Nowadays Hamberg spends more time on the ground, but his aesthetic eye is as strong as ever.
“In the Forest Service traditionally our design approach is to interpret nature for people, so when I’m working on designing a trail I try to route the trail in such a way that I’m going to expose the natural features to the greatest possible effect.”
Hiking up Hamberg’s Herring Cove trail, he points out one such highlight.
“We’re looking at this gigantic boulder it’s the size of, a, it’s taller than a bus, not quite as long, it came down bear mountain, and then it stopped and split right in half. And you can walk through this crack between these two and it towers over your head. So the trail kinda had to go through it. Just because to walk through something like this is such a wild experience.”
In another part of the trail moss hangs loosely off a fallen log that creates a sort of archway over the trail. Walking up the log, Hamberg smiles and explains physical interaction with the environment is just as important as the scenery.
“You actually have to kinda have to duck under it to pass, the standard specification for this is to cut this thing out, there shouldn’t be anything within seven feet above the trail, but these trails are here for people to interact with the environment, so if you have to duck and go around and if you touch something that’s all the better.”

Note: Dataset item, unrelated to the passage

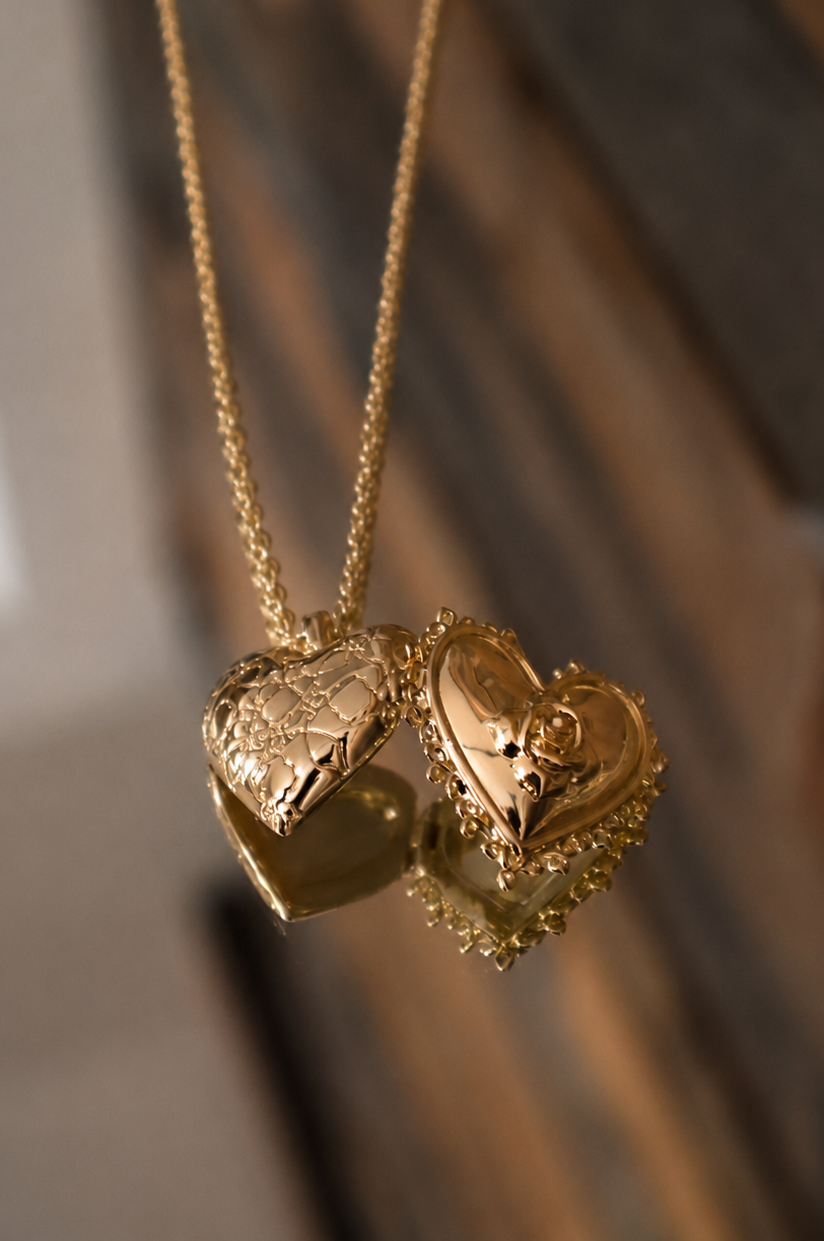Mallory Rose Gold Locket Short Pendant Necklace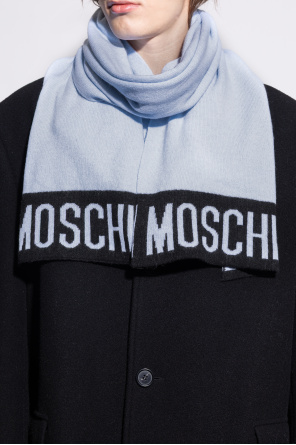 Moschino Bufanda con logo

Hamberg says Sitka has a lot to offer in terms of natural beauty, but building trails in the South East Alaska is especially difficult compared to other terrain around the United States,
“The thing that is specific to southeast Alaska is we don’t have soil you can build a trail on. Our soil is organic matter over bedrock, so pretty muche very foot of most trails has to be surfaced in some matter, there’s a few exceptions to that. So it’s an expensive proposition, so in order to be efficient, it’s gotta be laid out really well.
This terrain, Hamberg says, calls for a special approach, one where he uses numbered stakes to mark each step, log and drainage along the trail. These stakes then correspond to a spread sheet that tells contracted trail builders the exact design Hamberg has in mind.

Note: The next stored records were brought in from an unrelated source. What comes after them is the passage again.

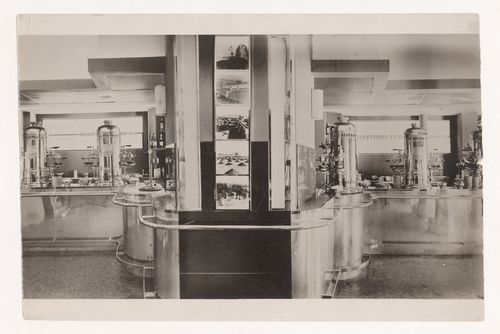 Interior view of Cafés du Brésil coffee shop, Wagram avenue, 8th arrondissement, Paris, France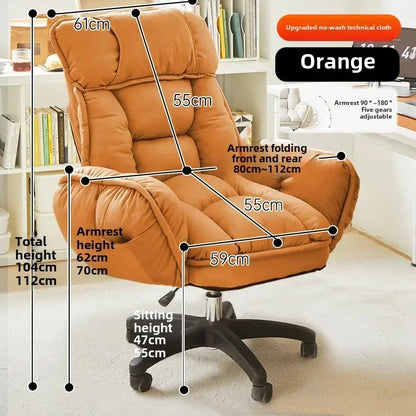 Footrest, Wheels, Student Relaxing Gaming Office Chair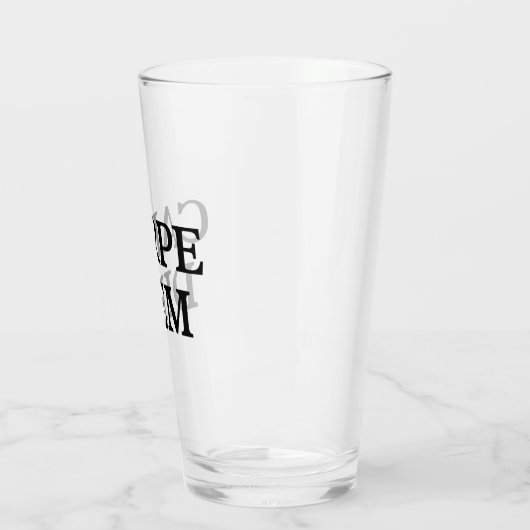 Carpe Diem glazen tumbler (Links)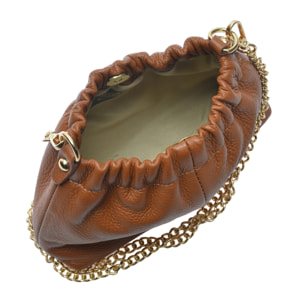 Borsa a spalla Anna Luchini Cammello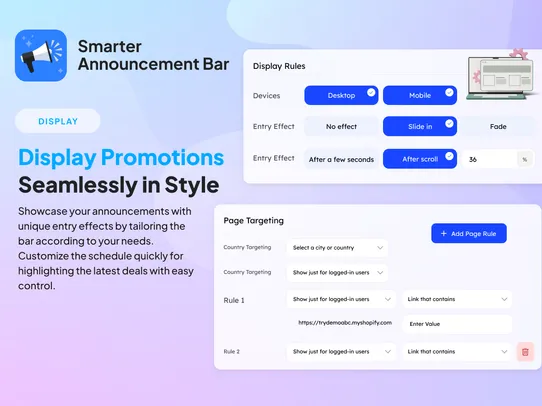 Smarter Announcement Bar screenshot
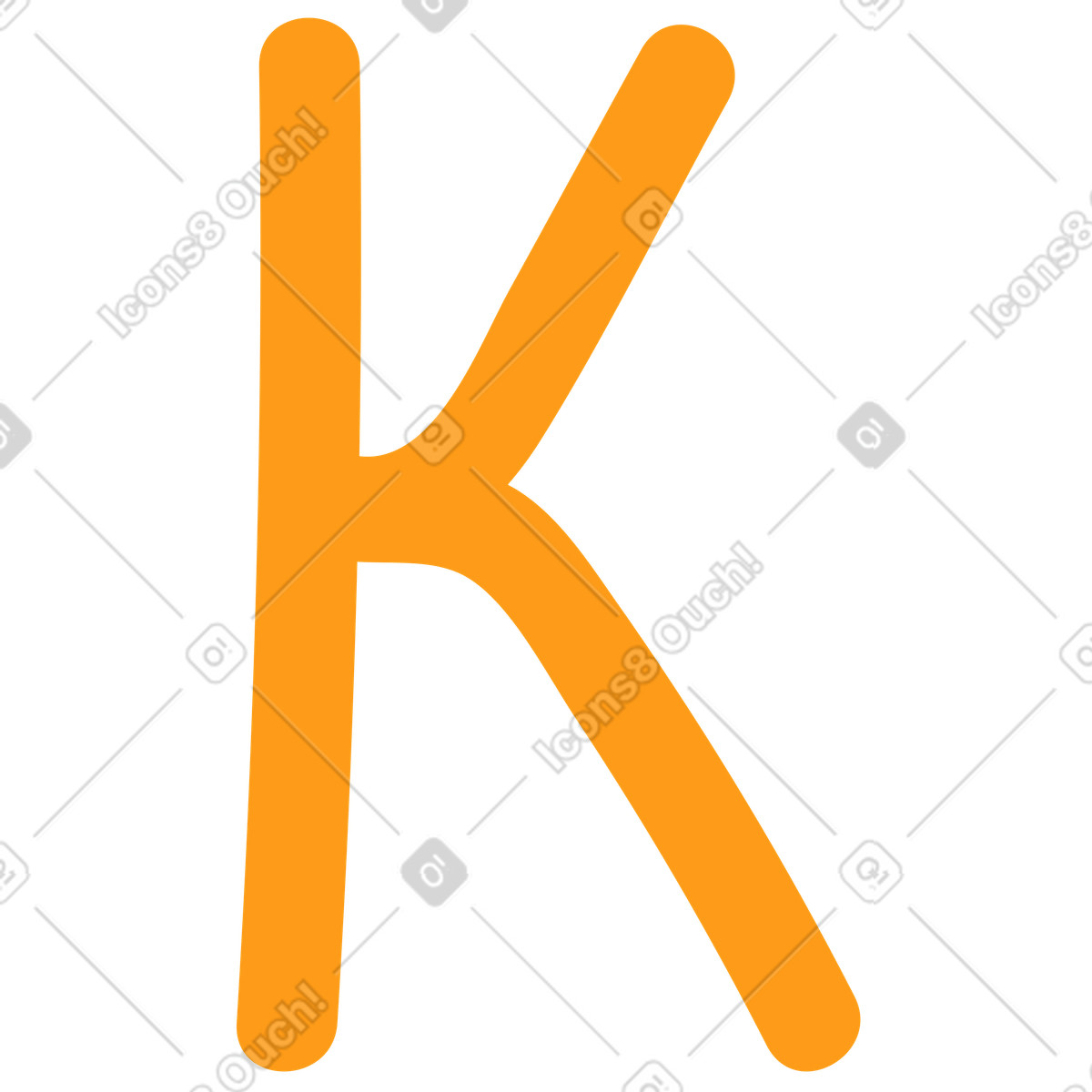K giallo illustrazione in stile Kingdom scarica in PNG, SVG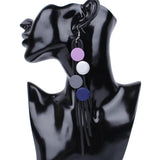 Bohemia Tassel Earrings Rainbow Beads Drop Earrings Rubber Jewellery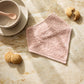 Lot de 2 bavoirs/bandanas - Blush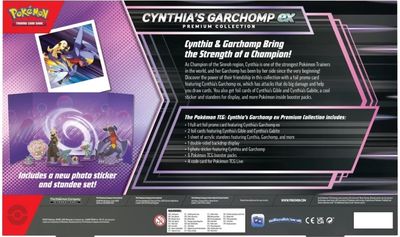 Kolekcinės kortelės Pokemon TCG: Cynthia's Garchomp ex Premium Collection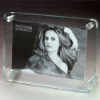 Wholesale clear glass photo frame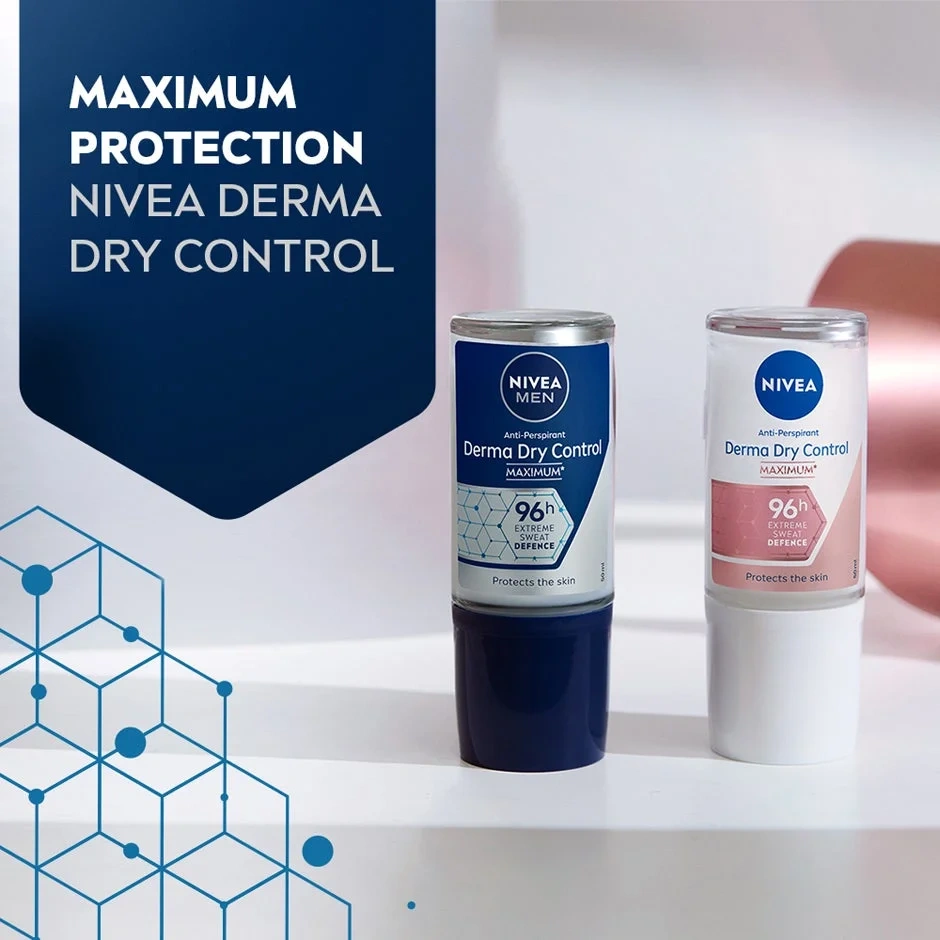 Nivea Men Deoodorant Roll-on Derma Dry, 50ml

“It’s a field based approach to design, rather than going out and surveying a whole site and bringing it back in the office, and designing it in the office. You need to lay it out in the field and do those measurements in the field. And put the stake exactly where you want it, because you might tell them you want to save this particular root as a step.”
Dave Crowell works for Clarence McReynolds Trail Building, based out of White Bird Idaho- the company that bid on and won Sitka’s Beaver Lake project. He’s one of the people that reads these stakes, and says, perhaps the hardest part of trail building in Alaska is the wet weather.

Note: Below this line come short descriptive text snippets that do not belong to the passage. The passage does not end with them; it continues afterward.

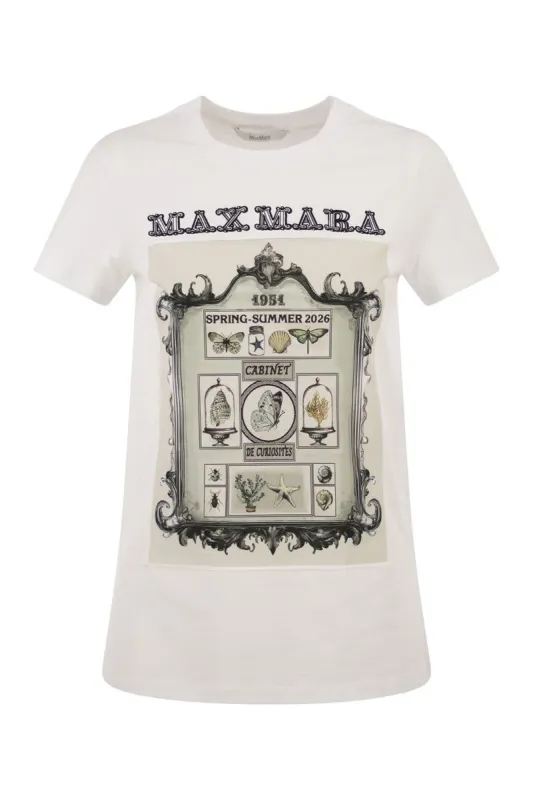 MXMSPADINO - COTTON JERSEY T-SHIRT WITH GRAPHIC PRINT made by MaxMara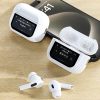 U19 austiņas TWS bezvadu Bluetooth 5.3 ar LED displeju - balts
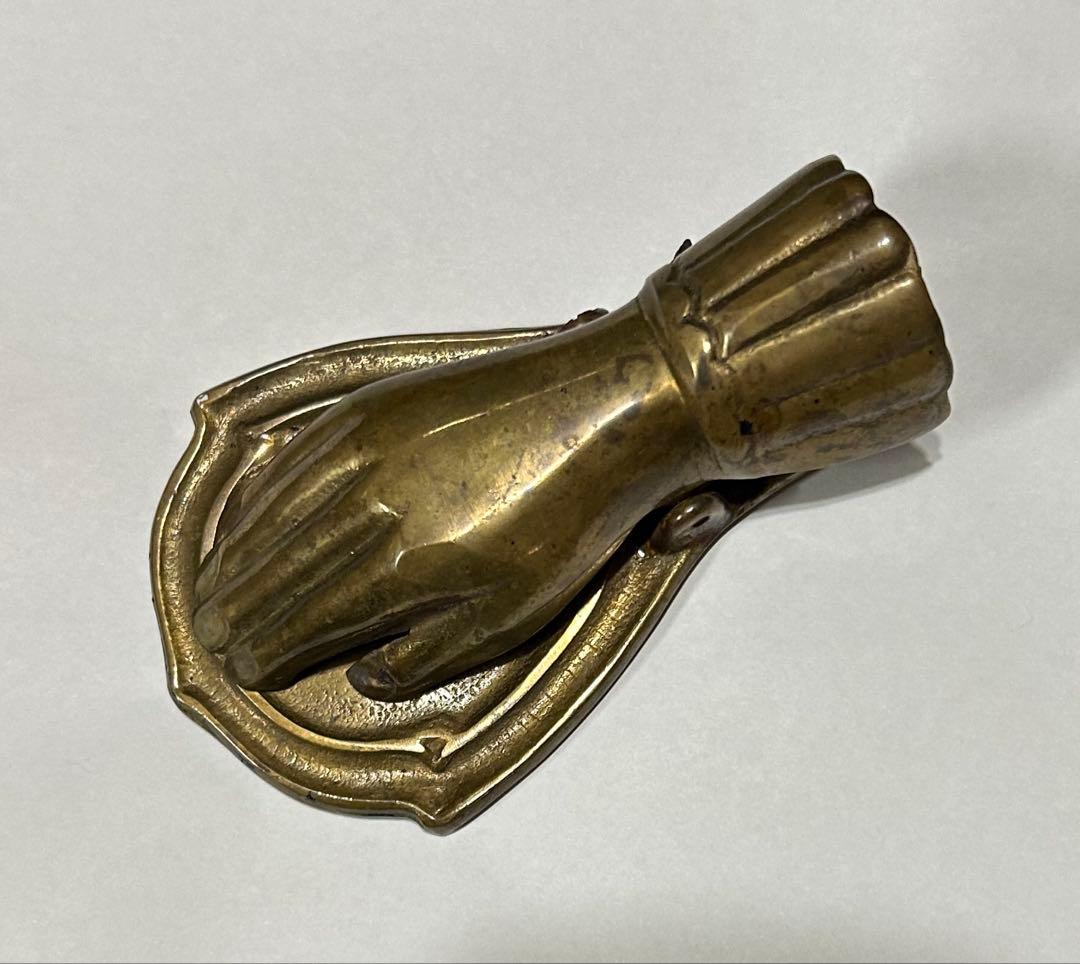 フランス蚤の市　手　モチーフ　クリップ　ドア　ハンドクリップ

“Where we’re from in Idaho, over average rain fall is about eight inches a year, it’s about eight inches a day, I think, yesterday here. I’m pretty sure that’s what we got.”
Sitka’s climate also effect trail sustainability, a major concern in Sitka, where trail building is especially expensive. It’s things like wood-rot and erosion that have given Hamberg the most trouble. And, sometimes, his own design.
“The Gavan Hill trail which is a giant set of stairs that people pretty much universally hate, because it’s just so hard on your knees ,and not a good walking experience. So we learned from that, that we should try to do something different, which is to reduce the slope and not necessarily stick with the same alignment, that was just created probably by some guy with a chain saw hat wanted to go deer hunting a long time ago.”
It’s lessons and obstacles that continue to inform Sitka trails.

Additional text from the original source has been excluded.